If the pixel level is above the defined black level, the signature is present, if it’s below the value, the default applies (NOT SIGNED). You can consider this as a variant of the YES/NO option.

01 Mark Setup

Enter 1 or more mark values, depending on the type of marks, and press the “…” button to open the selected mark’s setup window.

1) Drawing the mark zone: draw the zone around the mark. It doesn’t need a lot of margin but make sure to include the box itself in the mark zone.

NOTE: when you define an additional mark, the mark zone size will be automatically set to the size of the last defined mark. You just need to move it by clicking inside the mark. This helps you drawing consistently sized mark zones.

We’ll discuss this in more detail in the next topic.

2) Move: you can move the current mark zone or all defined mark zones by selecting the Current mark or All marks After selecting the desired move option, you click and drag inside the mark zone with the draw rectangle tool.

Moving all marks is very useful for defining marks on feedback forms. You just define the marks for one question. Duplicate the rule and move all defined marks to the checkboxes of the next question.

3) When you’re done setting up, press OK.

02 – Default value: here you can define the default value if none of the marks are checked or if more than 1 mark is checked.

03 – Black level: after you have defined your first mark, select a sample with an unchecked mark and press the Test button.
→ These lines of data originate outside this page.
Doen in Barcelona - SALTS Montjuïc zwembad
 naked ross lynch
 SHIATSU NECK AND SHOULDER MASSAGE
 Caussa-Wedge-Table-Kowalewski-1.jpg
This will display the black level of an empty mark in the result list.

You use this value + some margin to set the black level value.

Anything equal or above that black level will be considered as “checked” or “signed”, this will be indicated as green in the test result’s mark list.
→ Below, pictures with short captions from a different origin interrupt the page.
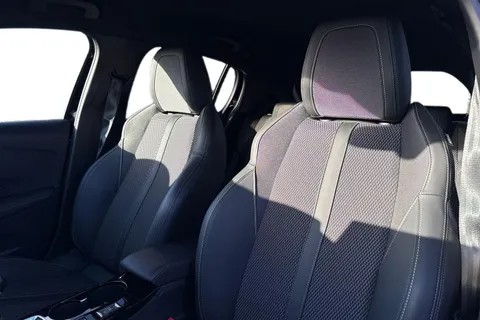 NJ74XOG PEUGEOT 208 1.2 PureTech GT Euro 6 (s/s) 5dr Thumbnail #16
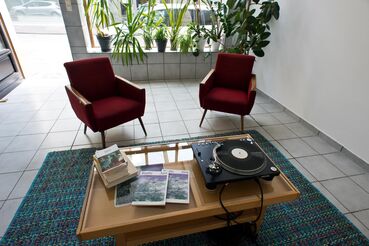 Rustic Air Matjö, Ausstellung, Schallplattenspieler, zurhören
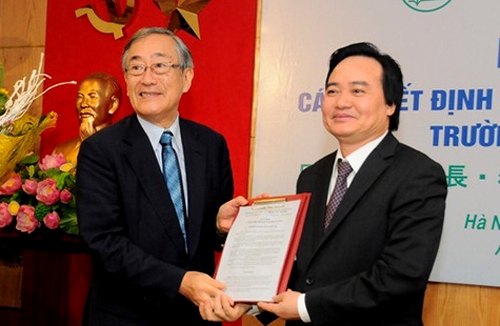 (C)VnExpress,ニャ教育相(右)と古田氏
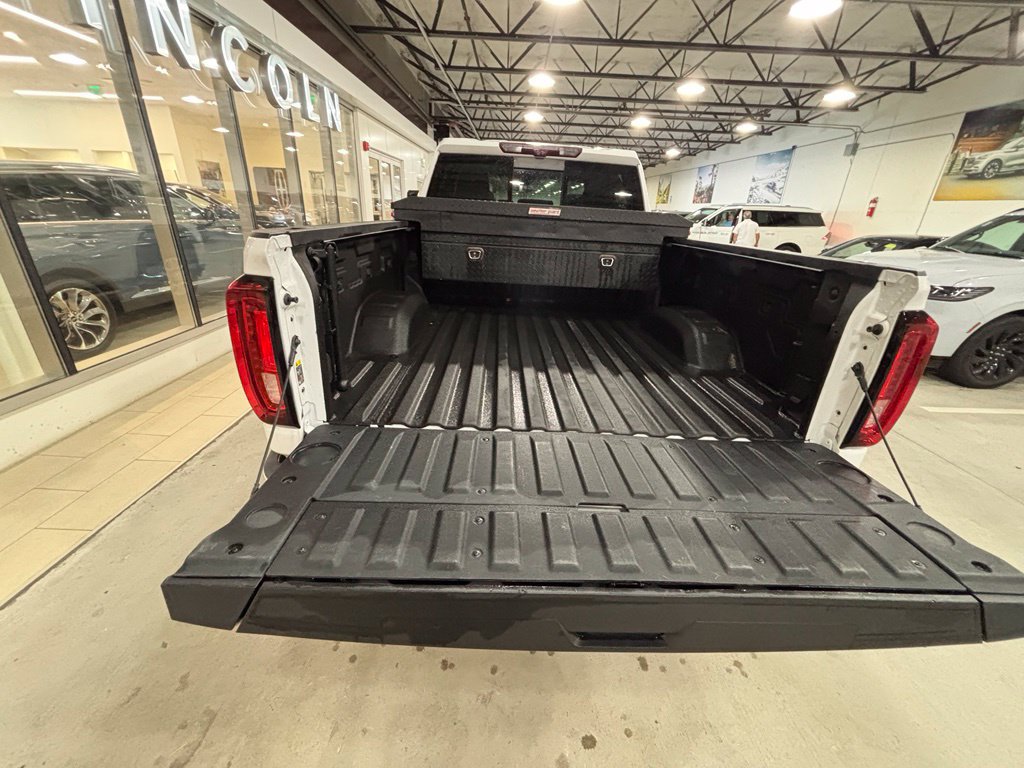 Used 2021 GMC Sierra 3500 Denali w/ Denali Ultimate Package AWD/4WD image 28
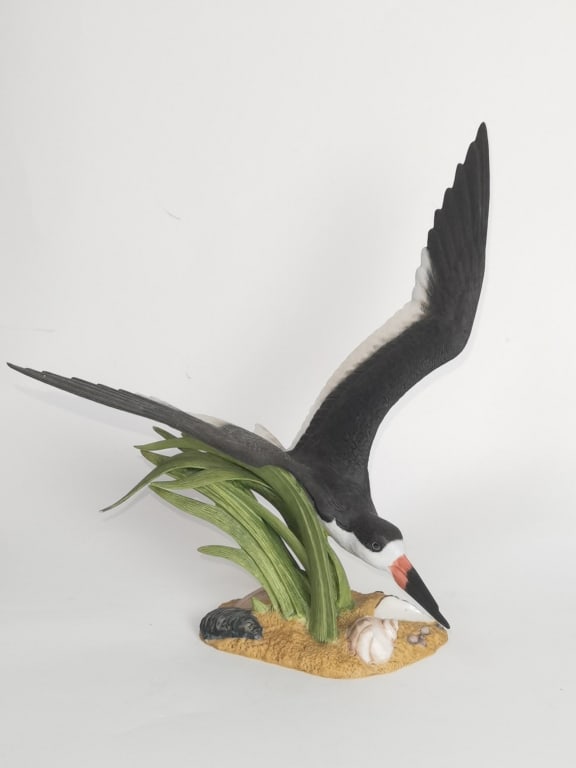 1984 The Franklin Porcelain Studio Skimmer Figurin: 1984 The Franklin Porcelain Studio The Black Skimmer Figurine, 12in by 13in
Anything below that level will be considered as “unchecked” or “unsigned”, this will be indicated as red.

You can also find the value of the checked/signed marks in the test result’s Value box.

1) Count: select this option if you want to use a fixed pixel count to set the black level. This is the most frequently used option because it’s unaffected by changes to the mark check zone.
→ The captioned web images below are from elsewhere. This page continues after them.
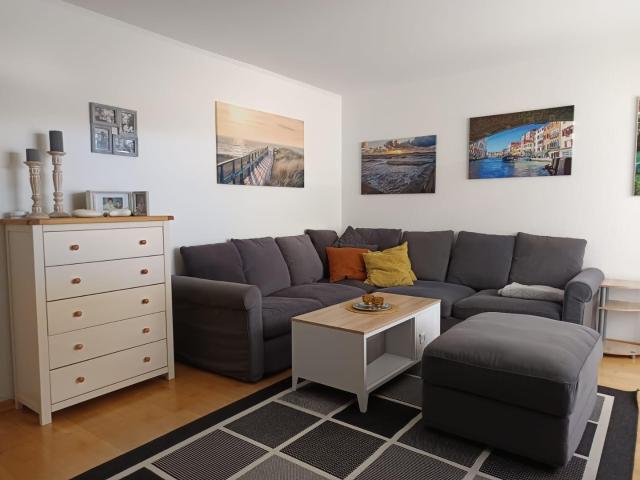 3 Zimmer Wohnung mit Balkon, Carport & zusätzlichem Hobbyraum mit eigenem Eingang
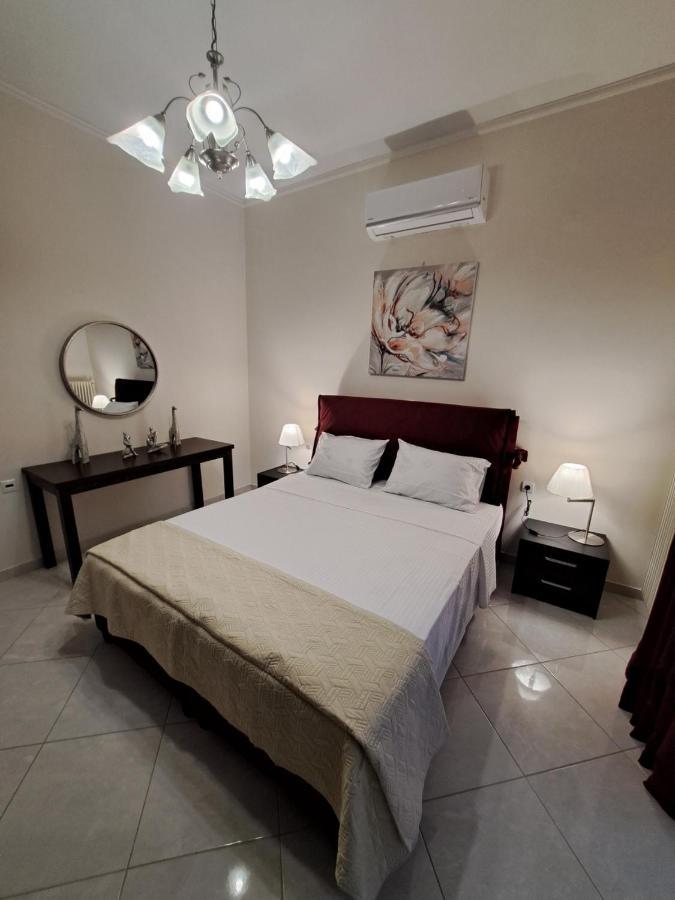 Luxury Apartment Amarynthos Esterno foto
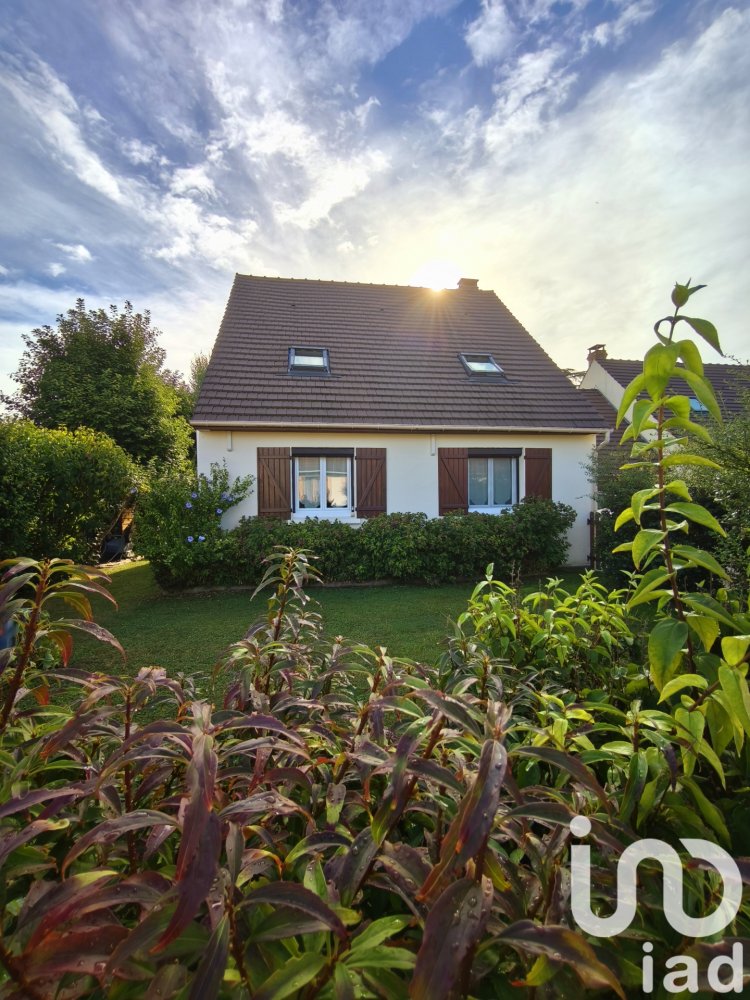 5 bedrooms House in Pont-Sainte-Maxence, France No. 317897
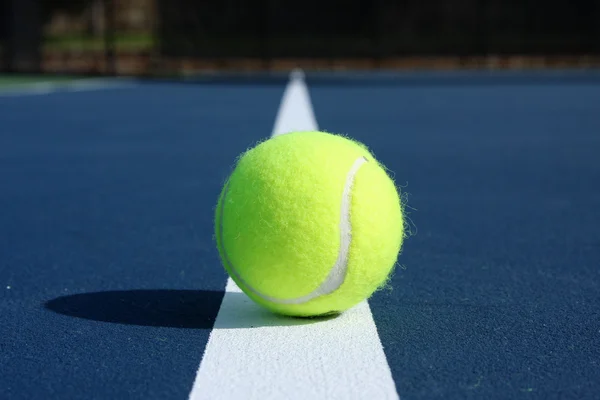 Balle de tennis sur le terrain — Photo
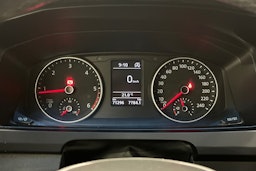 valkoinen Volkswagen Transporter 2019 kuva 17.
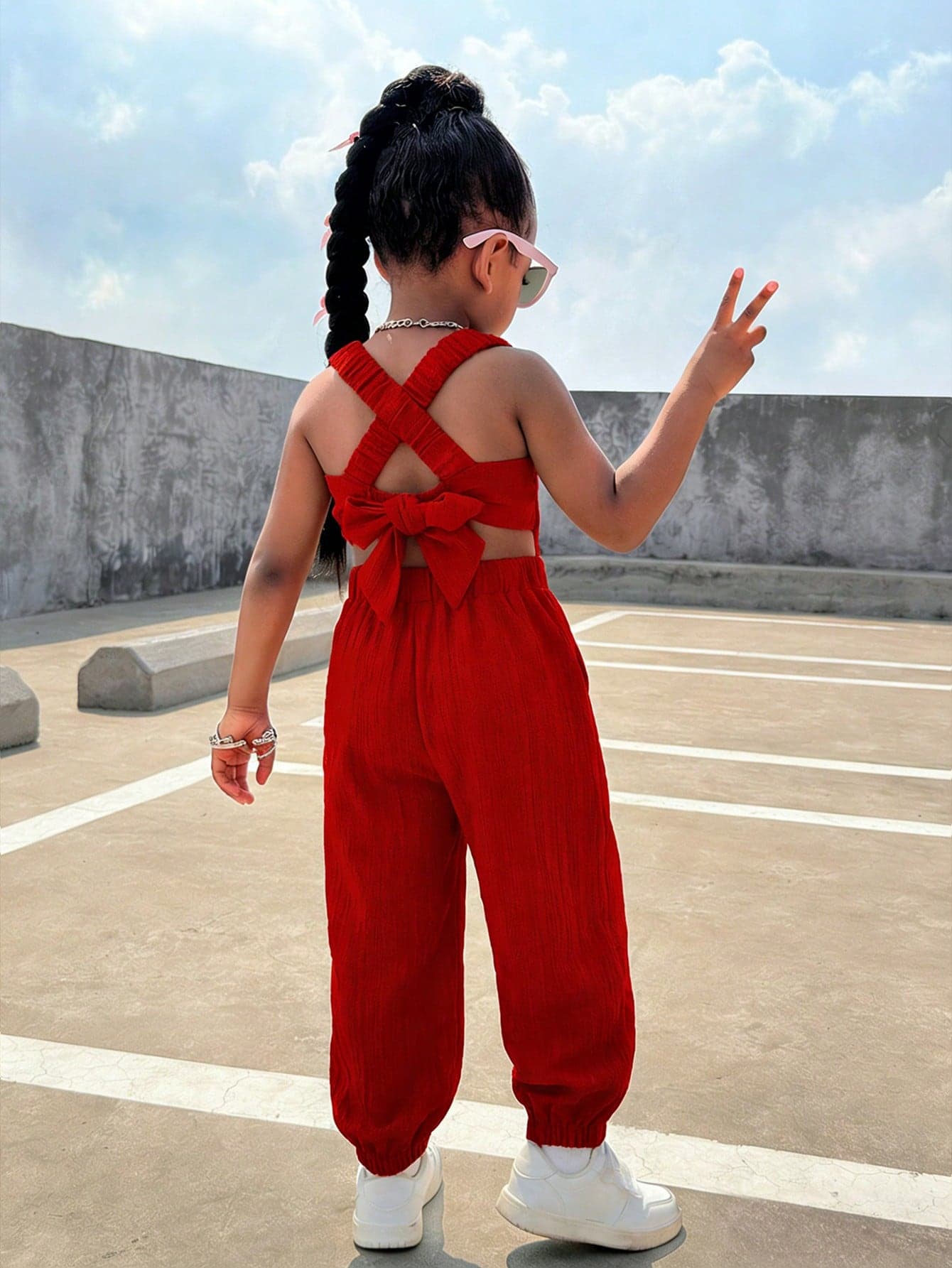 Young Girls'Criss-Cross Backless Summer Jumpsuit With Bow,Red Satin Spaghetti Strap Girl Jump Suit,Fashionable Casual Streetwear Kids Outfit Sets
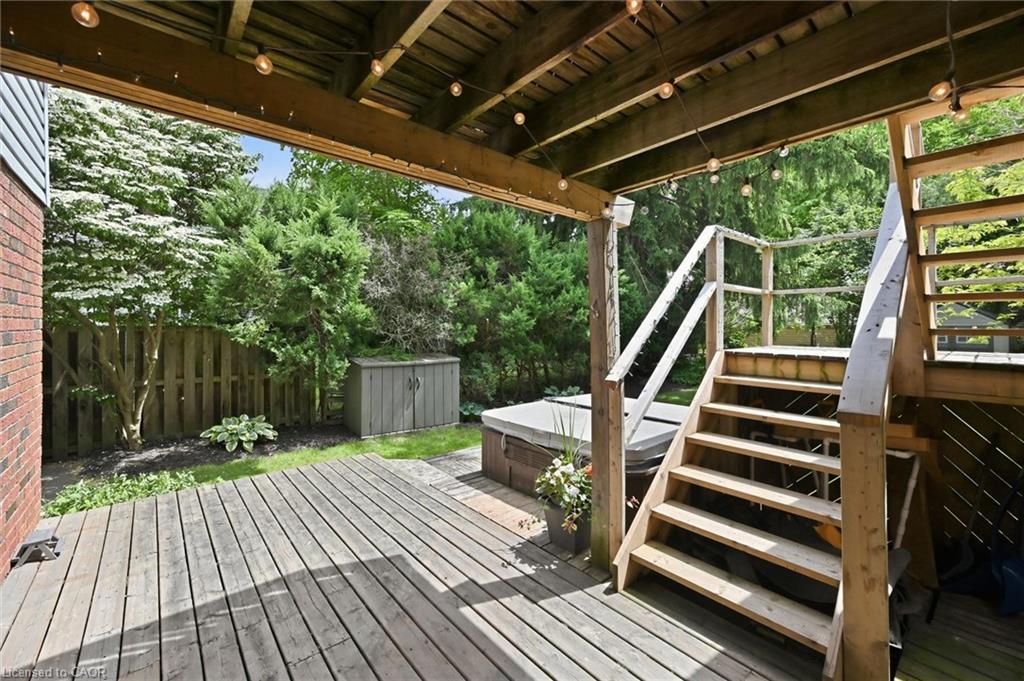 28 Rousseaux Street Property Photo 48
2) Percentage: select this option if you want to use percentage to set the black level.

04 – Multiple marks: select one of the following options to choose what will happen if more than 1 mark is present:

1) Use default value: multiple marks are considered as unchecked and the default value is used.

 For example, the following is considered as unchecked:

What is your sex?
☒ Male
☒ Female
☒ Intersex

2) Keep least black value: on some forms, you can correct your choice by completely filling the wrong box and checking the correct one. By selecting “Keep least black value”, the box with a with the least black pixels, but above the black level threshold, will be considered as the correct answer.

In the example below, “Strongly disagree” will be considered as the answer to the last question.

3) Keep all values: all selected values will be stored as multiple lines.

NOTE: you can replace the line separators with any other symbol using a Set Field Value rule following the Mark Detection rule.

05 – Overwrite: if enabled, the result will overwrite the previous field value. Otherwise, the result will be added to the value that is already in the field.

06 – Clear field if result is blank: if the result is blank, any values already in the selected field are cleared.

06 Mark Detection – Test Result

You can test your Mark Detection rule by pressing the Test button. Press the drop-down arrow next to the Test button to auto-test each document while going through them using the blue document navigation buttons.

The preview image on the left will outline all the defined marks in blue to show the registered marks on the image.

01 – Value: the value(s) of the checked marks found in the current test document.

02 – Page: this indicates the page of the current test document where the marks were found.

03 – Mark & Black Level list: every defined mark is listed here. The Black Level column shows the marks that are checked or signed as green. Those that or not checked or signed are shown as red.

TIP: you can copy the current settings and paste them in another setup window of the same type. Do this by pressing the Settings button in the bottom left of the Setup window and by selecting Copy. Then open another setup window of the same type and select Paste.